O putativo futuro primeiro-ministro, Santana Lopes, foi à Televisão defender a evolução na continuidade que seria a sua nomeação, se o PR seguisse os conselhos do PSD e do CDS e não convocasse eleições antecipadas. Diz Lopes que Sampaio deve deixar governar a maioria parlamentar, nomeando-o para o cargo deixado vago por Durão Barroso. E apresenta como razão maior o facto de também Sampaio ter desistido a meio do mandato de presidente da Câmara de Lisboa, sem que tal obrigasse a novas eleições.
Uma vez mais, Lopes foi desonesto na argumentação apresentada. Mas o seu alegado motivo anti-eleitoral é também um dos que mais objectivamente sustentam a posição de quem defende a dissolução do parlamento e nova consulta popular como a mais democrática solução para a crise que Durão Barroso criou. Porque, ao contrário do que Lopes agora quer fazer crer, a substituição de Sampaio por João Soares aconteceu no respeito pelo acordo pré-eleitoral estabelecido entre os partidos da coligação de esquerda que se apresentou às eleições em 1989 e 1993. E isto não é uma mera questão formal, é o cerne da questão estrutural: os lisboetas que por duas vezes elegeram Sampaio, sabiam de antemão qual seria o sucessor se o presidente por qualquer motivo deixasse de o ser.
Ora, por sua vez, a coligação da direita que está no governo nunca foi sufragada. Mas, mesmo admitindo como legítima a coligação PPD-CDS, supõe-se que os eleitores que apostaram neste cavalo o fizeram dando o seu voto a um projecto encabeçado por Durão Barroso. Que nessa altura prometeu não fazer como António Guterres e levar o mandato até ao fim: «O que está em causa é saber se o governo deve ser de quatro meses ou de quatro anos», afirmou o então líder do PSD, dois dias antes de ser eleito. «Não vou desistir no governo, tal como não desisti na oposição, enquanto não fizer de Portugal um país mais avançado», disse também, acrescentando: «Portugal pode contar comigo». Uma determinação que reafirmou de modo categórico no discurso da vitória: «Pelo meu lado, farei tudo o que estiver ao meu alcance para dar a Portugal uma situação de estabilidade e de segurança».

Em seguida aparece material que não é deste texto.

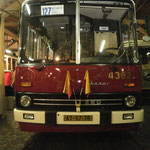 Historický autobus Ikarus ev. č.4382 - zepředu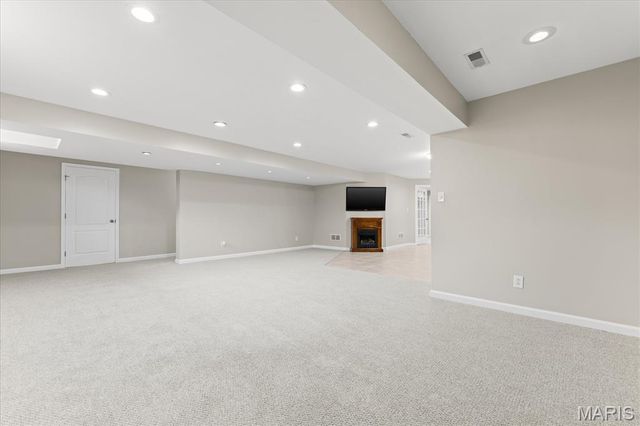 320 Aberdeen Drive, Glen Carbon, IL 62034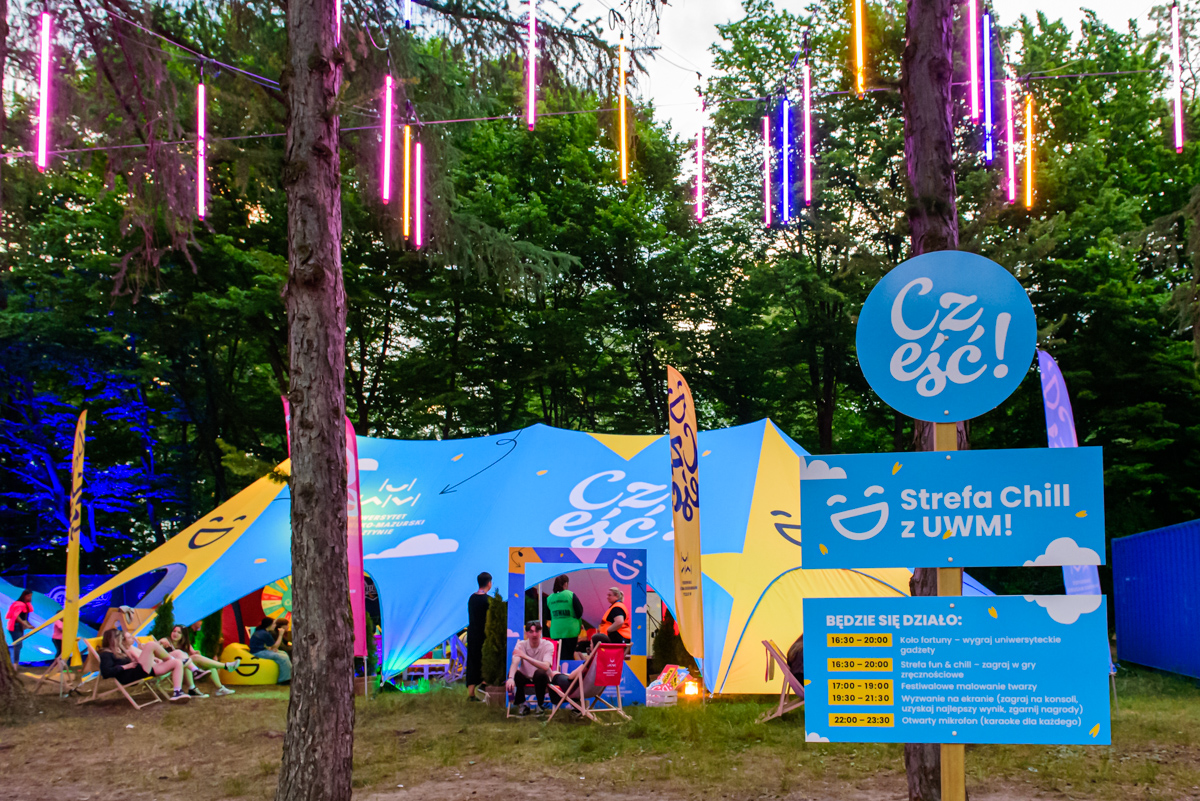 Strefa UWM na Kortowiadzie 2024 - niebieski namiot oznaczony logo uniwersytetu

Obviamente, Barroso não cumpriu a palavra que deu ao país. Em vez disso, mudou de nome e de emprego – vai presidir à Comissão Europeia e passará a ser tratado por José Barroso – mas ainda assim quer impôr, aos seus eleitores e aos outros, um homem que nem sequer para dirigir o partido a que pertence foi votado. Pelo contrário: a ele se devem as maiores fracturas que o PSD conheceu, e só chegou ao lugar que hoje ocupa porque os barões do partido sucumbiram ao «golpe de estado» que Manuela Ferreira Leite começou por denunciar – antes de ela própria se render.
O resto é já é do domínio público: Lopes subiu o degrau que faltava para tomar conta do partido, mas não deixou de ser o demagogo de sempre, capaz de tudo para alcançar os seus objectivos, seja no Sporting, na Figueira da Foz, na Praça do Município de Lisboa ou em São Bento. Para já. E o pior é que não se trata sequer de um «déspota iluminado» – desses que, pelo menos, deixavam florir o Renascimento – mas apenas de um dandy caprichoso, que encara o exercício do poder com a mesma leviandade de quem vai às putas: é apenas um projecto de satisfação pessoal, em que, por vontade do próprio, o resto do país seria ocupado por figurantes em lugar de cidadãos.
Não os conhecesse desde há décadas, e ficaria espantado com o medo que estes democratas têm da Democracia. E com a desfaçatez com que agora se dispõem a ultrapassá-la em nome de alegados «superiores interesses da nação». Porém, entre os vários argumentos que o PSD, o CDS e respectivos comentadores independentes apresentaram contra a perspectiva da convocação de eleições antecipadas, há um que nos faria rebolar de riso, se não escondesse velhos hábitos que, trinta anos depois de Abril, se julgavam já erradicados do Portugal democrático: um processo eleitoral fica caro ao país, dizem eles. O doutor Salazar, que era um homem poupado, achava o mesmo. E foi o que se viu.